[Data extracted from a collection]
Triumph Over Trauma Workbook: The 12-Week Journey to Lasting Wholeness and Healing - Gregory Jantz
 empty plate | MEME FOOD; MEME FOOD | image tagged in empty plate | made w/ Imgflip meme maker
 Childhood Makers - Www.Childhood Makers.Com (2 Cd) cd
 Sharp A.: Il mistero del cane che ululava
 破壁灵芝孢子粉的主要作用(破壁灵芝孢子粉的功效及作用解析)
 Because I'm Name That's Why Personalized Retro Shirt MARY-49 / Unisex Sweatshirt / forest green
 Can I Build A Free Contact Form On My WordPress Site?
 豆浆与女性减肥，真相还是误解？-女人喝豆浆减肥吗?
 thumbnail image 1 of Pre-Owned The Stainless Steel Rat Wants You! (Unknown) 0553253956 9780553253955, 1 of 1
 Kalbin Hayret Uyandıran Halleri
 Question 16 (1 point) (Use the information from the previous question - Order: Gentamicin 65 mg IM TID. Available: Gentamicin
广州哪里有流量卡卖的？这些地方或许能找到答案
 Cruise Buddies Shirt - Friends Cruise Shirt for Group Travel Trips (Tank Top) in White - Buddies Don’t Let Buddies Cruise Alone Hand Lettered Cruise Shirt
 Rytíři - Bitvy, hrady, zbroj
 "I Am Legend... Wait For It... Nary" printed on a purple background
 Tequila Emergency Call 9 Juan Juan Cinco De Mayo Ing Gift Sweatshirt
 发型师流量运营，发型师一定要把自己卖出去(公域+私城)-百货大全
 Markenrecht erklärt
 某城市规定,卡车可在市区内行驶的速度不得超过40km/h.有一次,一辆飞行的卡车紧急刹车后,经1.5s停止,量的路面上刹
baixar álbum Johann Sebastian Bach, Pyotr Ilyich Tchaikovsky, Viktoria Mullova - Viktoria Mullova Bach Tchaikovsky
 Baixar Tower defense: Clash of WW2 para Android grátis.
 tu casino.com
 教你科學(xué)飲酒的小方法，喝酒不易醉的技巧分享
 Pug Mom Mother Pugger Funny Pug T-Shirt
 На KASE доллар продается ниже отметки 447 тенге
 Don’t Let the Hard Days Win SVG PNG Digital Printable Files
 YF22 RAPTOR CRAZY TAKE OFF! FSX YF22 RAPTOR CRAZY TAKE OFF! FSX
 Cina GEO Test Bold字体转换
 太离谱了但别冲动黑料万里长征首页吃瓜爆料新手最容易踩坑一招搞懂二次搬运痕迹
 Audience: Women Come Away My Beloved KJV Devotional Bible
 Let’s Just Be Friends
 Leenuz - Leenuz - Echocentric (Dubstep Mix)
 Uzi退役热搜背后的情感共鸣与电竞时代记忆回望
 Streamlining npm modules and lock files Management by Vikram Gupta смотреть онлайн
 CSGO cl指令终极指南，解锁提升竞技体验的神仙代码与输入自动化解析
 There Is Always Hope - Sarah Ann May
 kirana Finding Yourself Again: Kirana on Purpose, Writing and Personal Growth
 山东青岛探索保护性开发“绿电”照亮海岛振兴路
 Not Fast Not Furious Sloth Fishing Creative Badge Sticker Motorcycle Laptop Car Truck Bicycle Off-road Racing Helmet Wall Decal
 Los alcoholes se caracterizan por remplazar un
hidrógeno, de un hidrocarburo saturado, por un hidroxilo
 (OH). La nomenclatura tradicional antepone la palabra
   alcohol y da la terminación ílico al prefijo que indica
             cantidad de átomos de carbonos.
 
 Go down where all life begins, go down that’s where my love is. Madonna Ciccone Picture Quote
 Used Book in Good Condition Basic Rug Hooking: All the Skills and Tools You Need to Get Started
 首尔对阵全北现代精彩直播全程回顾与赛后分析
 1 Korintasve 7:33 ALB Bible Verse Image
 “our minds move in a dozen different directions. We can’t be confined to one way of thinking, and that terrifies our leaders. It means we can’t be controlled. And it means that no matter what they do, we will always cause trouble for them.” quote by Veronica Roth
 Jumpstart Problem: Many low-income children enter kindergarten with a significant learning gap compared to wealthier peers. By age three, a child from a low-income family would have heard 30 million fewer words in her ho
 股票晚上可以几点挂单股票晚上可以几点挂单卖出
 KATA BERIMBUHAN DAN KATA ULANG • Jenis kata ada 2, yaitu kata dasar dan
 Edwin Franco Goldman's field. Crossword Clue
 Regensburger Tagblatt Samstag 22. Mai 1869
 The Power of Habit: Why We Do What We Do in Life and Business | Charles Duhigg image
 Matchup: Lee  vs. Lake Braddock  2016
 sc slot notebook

# Description of the task
Beginning with the line that holds "1 Korintasve 7:33 ALB Bible Verse Image", please give again each line exactly until the records end, and include that final line.

# Response to the task
 1 Korintasve 7:33 ALB Bible Verse Image
 “our minds move in a dozen different directions. We can’t be confined to one way of thinking, and that terrifies our leaders. It means we can’t be controlled. And it means that no matter what they do, we will always cause trouble for them.” quote by Veronica Roth
 Jumpstart Problem: Many low-income children enter kindergarten with a significant learning gap compared to wealthier peers. By age three, a child from a low-income family would have heard 30 million fewer words in her ho
 股票晚上可以几点挂单股票晚上可以几点挂单卖出
 KATA BERIMBUHAN DAN KATA ULANG • Jenis kata ada 2, yaitu kata dasar dan
 Edwin Franco Goldman's field. Crossword Clue
 Regensburger Tagblatt Samstag 22. Mai 1869
 The Power of Habit: Why We Do What We Do in Life and Business | Charles Duhigg image
 Matchup: Lee  vs. Lake Braddock  2016
 sc slot notebook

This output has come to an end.